He noted that even as the EU legislation is stalled, 51 countries are operating under the OECD’s current due diligence framework for the industry, called the Garments Guidance. He called for consensus as a key building block for climate resilience and providing safe jobs around the world.

But the timing of the conference felt painful for many participants, who have been working with the expectation that the EU’s new overarching supply chain law would pass this year.

It was pulled Feb. 13, just a day before the scheduled approval vote after years of negotiations and previous preliminary approvals.

“We need the directive,” said German parliamentary secretary to the ministry of economic cooperation and development Bärbel Kofler, speaking during the opening session of the conference. “We are in a very challenging moment, and to be honest, I feel embarrassed.

“We need this level playing field and we need to make it easier for our companies, so that we have 27 countries together in the same framework and not having different rules,” she said, citing similar but differing laws in Germany, France and the Netherlands.

The directive had passed the provisional agreement step in December, and February’s planned vote was widely viewed as the final stamp of approval. But just ahead of the planned vote, the German government announced it would abstain.

Kofler, a member of the Social Democratic Party, emphasized the country’s abstention was due to disagreement from the Free Democrats party, and said there is still time to bring it back to the table. The law would need to be finalized by the April parliamentary session, ahead of European elections in June.

“We are still negotiating, we don’t give up now,” she told WWD. “I just talked to the [representative] from the European Union who said there’s a hiccup in Germany, but the directive is still standing, so we are still working on it.”

Still, the suspended state of the legislation was the major topic of conversation during the coffee breaks of the two-day forum, which saw representatives from brands including Barbour, Disney and Uniqlo parent company Fast Retailing mingling with ministers and representatives of NGOs.

“I don’t think anybody saw this coming,” said one brand representative who was not authorized to speak on the record. “This was eight years of negotiating, longer than that, but eight years in real time, so civil society is now trying to grapple with what to do [next].”

Brands have been working on plans and protocols with the expectation that the CSDDD would go into effect in 2026, but are now in limbo.

“Germany says they are doing this to protect [small and medium-sized firms] but we need a level playing field,” said an official at one mid-sized German sportswear brand.
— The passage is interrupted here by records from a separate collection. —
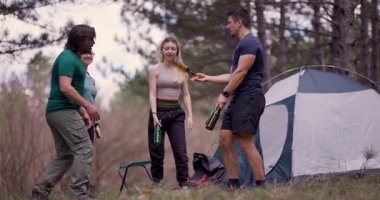 Açık havada giyinmiş genç yetişkinler, bir çadırın yanında bira şişeleriyle hokkabazlık yaparak, doğa gezisinde dostluk ve neşe gösterisi yaparak kutluyorlar..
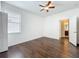 Bedroom with hardwood floors, natural light, and an ensuite bathroom at 12822 Moss Park Ridge Dr, Orlando, FL 32832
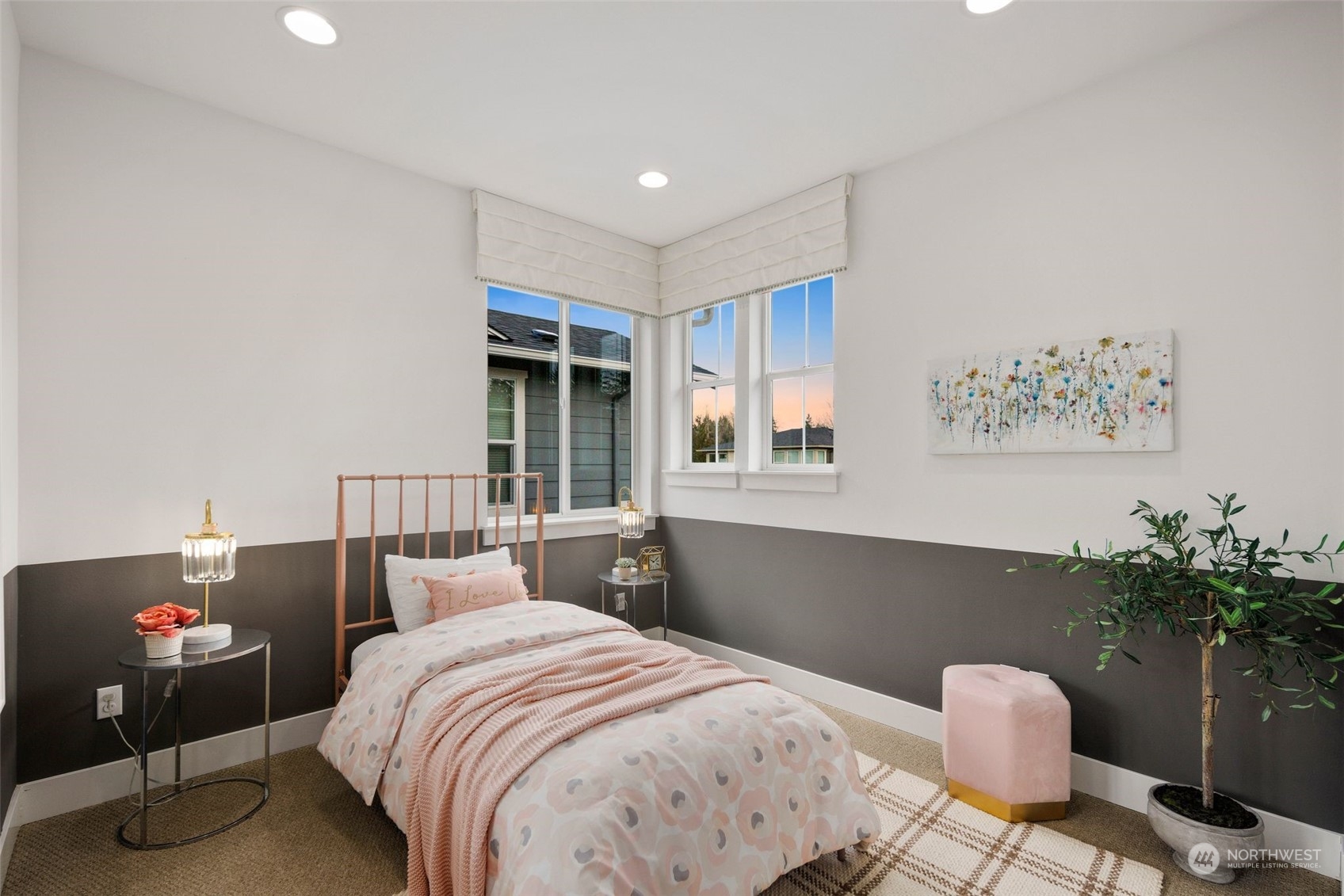 263 Graham Avenue Southeast Renton, WA 98059 - Photo 27 of 40 a bedroom with a bed and a potted plant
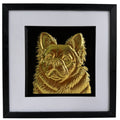 Straight-on gold fluffy French Bulldog portrait in a black frame with white mount and black inner surround.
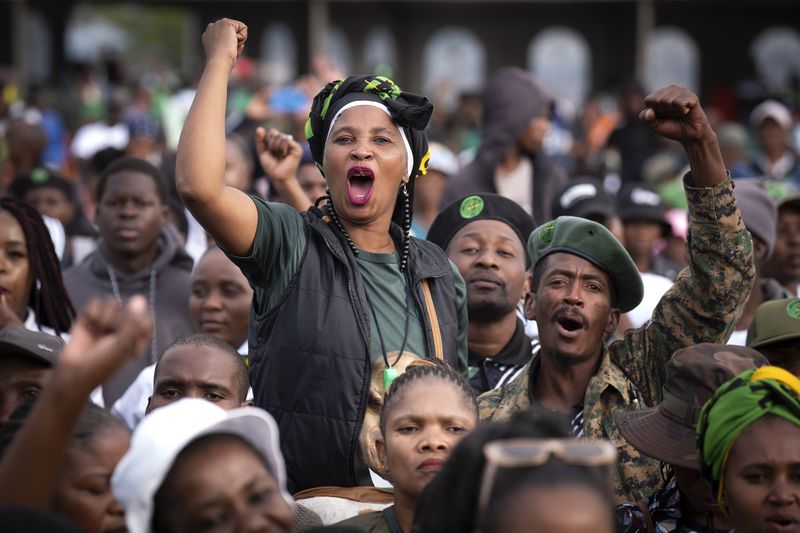 Supporters of Umkhonto weSizwe party react during an election meeting in Mpumalanga, near Durban, South Africa, Saturday, May 25, 2024, in anticipation of the 2024 general elections scheduled for May 29. (AP Photo/Emilio Morenatti)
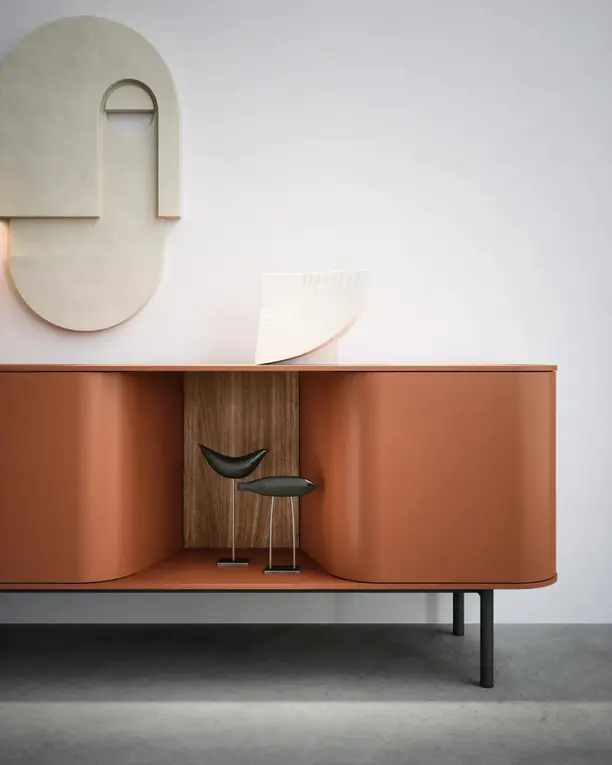 Gebogen terracotta dressoir met een open notenhouten vak tegen een witte wand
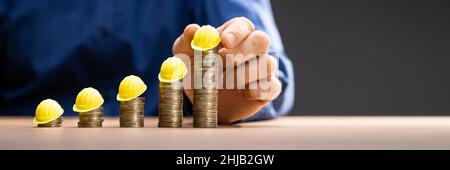Construction Insurance And Budget Inflation. Coin And Hard Hat Stock Photo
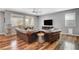 Bright living room showcases wood floors, plenty of natural light, and cozy, upscale furniture at 10656 Hyde Corner Ave, Las Vegas, NV 89166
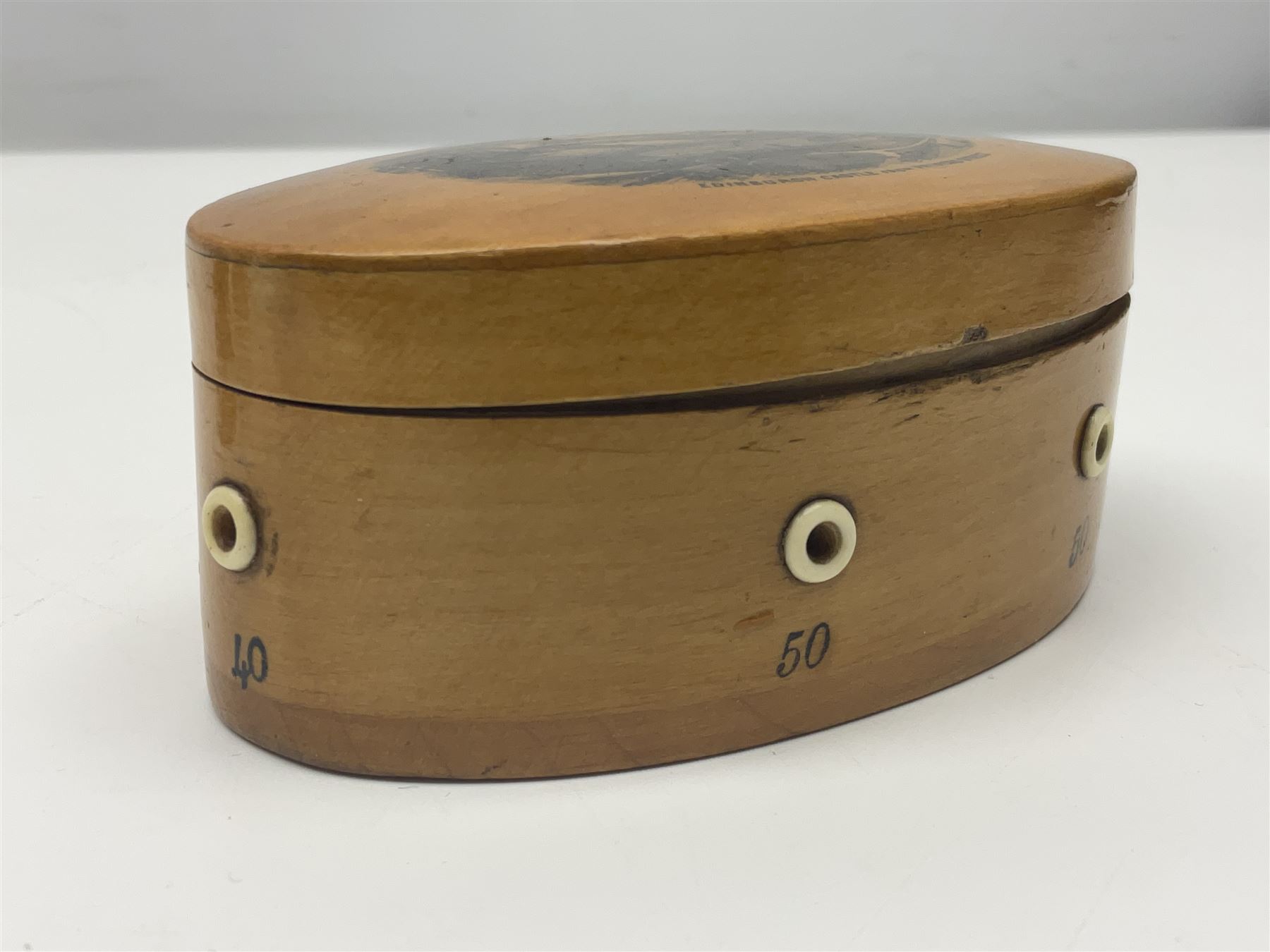 Six sewing related Mauchline ware comprising an oval reel box with internal label for Clark & Co's, tape measure, pin case and three thimble holders of ovoid form 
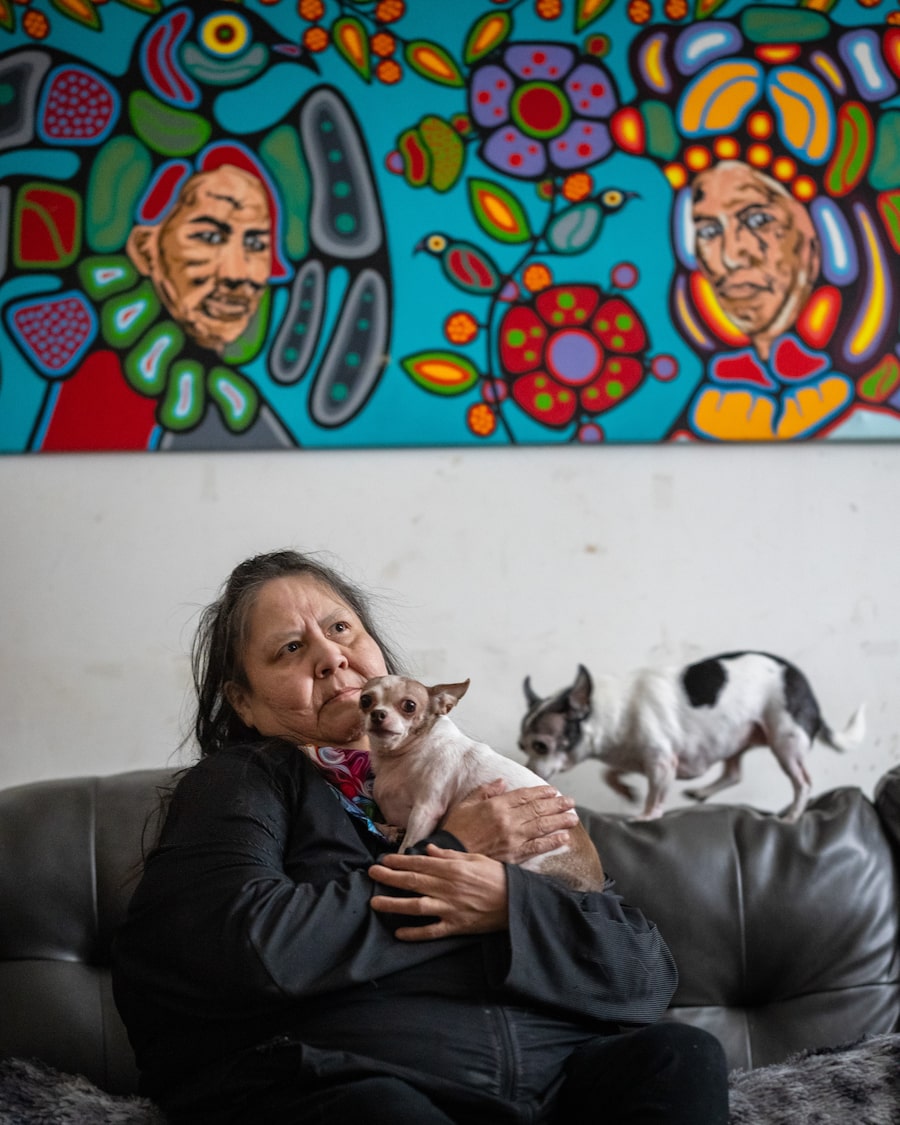 Lisa Morrisseau at her home in Keewaywin First Nation. A painting by her brother Eugene is on the wall behind her.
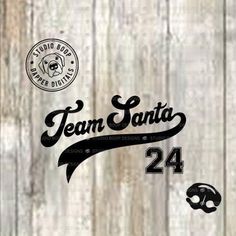 the team santa logo is shown on a wooden background with other items in black and white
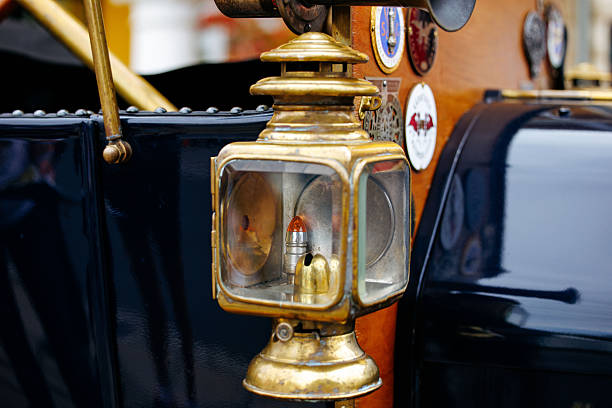Velden, Austria - August 30, 2025: Vintage brass lantern on classic automobile highlights craftsmanship and design at an Oldtimer Festival, creating a nostalgic atmosphere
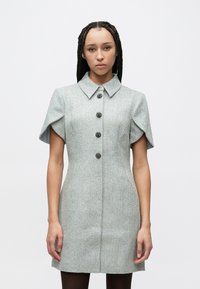 Kortärmad klänning med fiskbensmönster i ljusgrått, med krage och fem svarta knappar framtill. Elegant design.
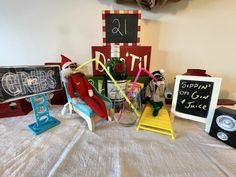 a table topped with lots of toys and signs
The company is also trying to sort through the French laws, and had put an implementation process in place. “It would be better just to implement it. We can’t win.”

The law would hold companies headquartered or doing business in Europe accountable for any human rights or environmental abuses in their supply chain, widely seen as the EU extending its standards to producing countries outside of its bloc borders.

“Fashion is becoming a regulated industry,” said PVH Corp. senior vice president of corporate sustainability, global affairs, Michael Bride. “So if you accept that, essentially, a company has three options: you can bury your head in the sand, you can do due diligence from the top down, or you can set a table and have a conversation with rights holders, and other folks and civil society and build a model with due diligence into your supply chain.

“We are leaning into these things and a lot…it’s absolutely critical. We are not just signing these agreements to be, like, a ‘nice company,’” he said, explaining that it’s more about taking a preemptive approach to legislation coming at the fashion industry on many different fronts.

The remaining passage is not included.